Raw data »
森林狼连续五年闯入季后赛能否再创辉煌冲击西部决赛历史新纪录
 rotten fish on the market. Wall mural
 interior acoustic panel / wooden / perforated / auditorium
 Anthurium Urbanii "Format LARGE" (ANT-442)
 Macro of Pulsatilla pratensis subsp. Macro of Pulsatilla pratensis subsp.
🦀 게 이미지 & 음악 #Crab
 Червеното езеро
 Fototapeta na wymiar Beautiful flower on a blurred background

Task statement »
An exact retyping of the lines from the one with "interior acoustic panel" to the end of the material above, with both ends included and nothing added, is the required answer.

Output »
 interior acoustic panel / wooden / perforated / auditorium
 Anthurium Urbanii "Format LARGE" (ANT-442)
 Macro of Pulsatilla pratensis subsp. Macro of Pulsatilla pratensis subsp.
🦀 게 이미지 & 음악 #Crab
 Червеното езеро
 Fototapeta na wymiar Beautiful flower on a blurred background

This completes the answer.